I am not clear how far this principle should be extended.  Should a
router in ISP-A tunnel directly only to a BR of a directly connected
ISP-B, or should it also tunnel to a BR of another ISP-C which
connects to ISP-B but not ISP-A?


3.4. Step Four: Reducing RIB Size
---------------------------------

I didn't clearly follow the previous step, but does it involve more
work for the route processor - more prefixes in the RIB?  These
sentences seems to indicate it does:

   When more networks have adopted Virtual Aggregation, the
   mapping table is likely to grow large, which may make it
   no longer feasible to piggyback all the mapping information
   on the existing BGP sessions.  The main problem, as we can
   perceive today, would be the RIB size growth: A BGP router
   will receive the same mapping information from multiple
   neighbouring BGP routers, and store all of it in its
   Adj-RIBs-IN.  Thus BGP routers may end up with storing
   multiple copies of the same mapping information.

I don't clearly follow the proposed solution - of moving some of the
work to a separate BGP instance.  But if this is on the same router,
does this help, since there is only so much CPU power and RAM
available for all such instances?

I couldn't understand "caching" in:

    Since APRs (or ingress routers, if they are upgraded to
    handle caching) ...

This paragraph (page 12) is clearly saying something crucial about
the impact of AIS-Evolution, as indicated by:

    The prefixes that got aggregated out of the core routing
    system would be those that belong to the edge ASes.

but I have no understanding of how the individual actions of ISPs in
adopting some or all of these AIS-Evolution measures would have the
effect of reducing the number of prefixes handled by DFZ routers of
ISPs which do not adopt these measures, which is what I understand by
the term "core routing system".


3.5. Step Five: Insulating the Core from Edge Churns
----------------------------------------------------

Here I think there is some attempt to reduce the load on the DFZ in
general - all DFZ routers including those of ISPs and larger
DFZ-involved PI-using end-user networks, irrespective of whether
these networks adopt some or all of the AIS-Evolution techniques.

Anything which reduces the number of updates will help reduce the
routing scaling problem - assuming that traffic flows are not
adversely affected.  But the following text makes me think you want
to do something, but haven't figured out what yet:

   Short failures, which are frequent, should not be propagated
   through the mapping system.  Instead, they should be handled by
   other means.  For example, in the APT design, the failure handling
   actions are data-driven, i.e., a link failure to an edge network
   is not reported unless and until there are data packets that are
   heading towards the failed link.  We are actively working on an
   evolutionary solution that can provide equivalent data-driven
   handling of edge failures as APT does.

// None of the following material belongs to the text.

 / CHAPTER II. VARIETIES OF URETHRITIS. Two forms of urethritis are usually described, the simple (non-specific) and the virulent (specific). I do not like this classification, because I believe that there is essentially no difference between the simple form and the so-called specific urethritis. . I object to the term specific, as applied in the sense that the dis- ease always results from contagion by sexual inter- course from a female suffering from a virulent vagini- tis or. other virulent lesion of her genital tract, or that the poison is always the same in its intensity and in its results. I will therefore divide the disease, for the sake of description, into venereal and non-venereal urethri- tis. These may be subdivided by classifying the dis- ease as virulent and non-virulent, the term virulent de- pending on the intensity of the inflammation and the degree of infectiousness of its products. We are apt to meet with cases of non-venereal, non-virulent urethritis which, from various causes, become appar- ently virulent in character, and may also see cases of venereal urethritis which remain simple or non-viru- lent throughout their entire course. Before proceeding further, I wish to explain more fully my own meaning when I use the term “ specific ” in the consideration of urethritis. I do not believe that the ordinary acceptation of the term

But if, by "data-driven" you mean that sometimes you won't need to do
anything because no data was flowing anyway, then this does not seem
to be a realistic solution.  I run a mailserver and nameserver here
in my home-office, with a very low volume web-server.  Hardly second
goes by without traffic.   Your "not reported unless and until there
are data packets that are heading towards the failed link" wouldn't
save much work for any network which was big enough to want
portability or multihoming.

It is not at all clear to me how the changes you propose can provide
multihoming service restoration in a more scalable way than with PI
space today.  To contribute to the solution of the routing scaling
problem, this needs to be done with much less burden on the DFZ
control plane than at present.

I asked about multihoming service restoration - but the answers
(msg06055) don't give me any idea of how this can be achieved with
the new techniques in a way which reduces the burden on the DFZ as a
whole.

RW:    2 - How does AIS support multihoming?  The word does not
           appear in the proposal documents or the summary.

           How does the multihoming support detect failure of the
           link between one ISP and the end-user network while
           detecting that the link from a second ISP is working, and
           that the second ISP itself is reachable?

           How is this information relayed to or discovered by, the
           routers (APRs?) which tunnel traffic packets to "egress
           routers"?

LZ:   the above are good questions that are not explicitly addressed
      in the 500 word solution summary. Essentially, AIS assumes that
      BGP works as today, thus edge sites following their existing
      multihoming practices. Transit ASes perform internal FIB/RIB
      aggregation to maintain FIB/RIB size at desired level, without
      impacting multihoming/ TE practices.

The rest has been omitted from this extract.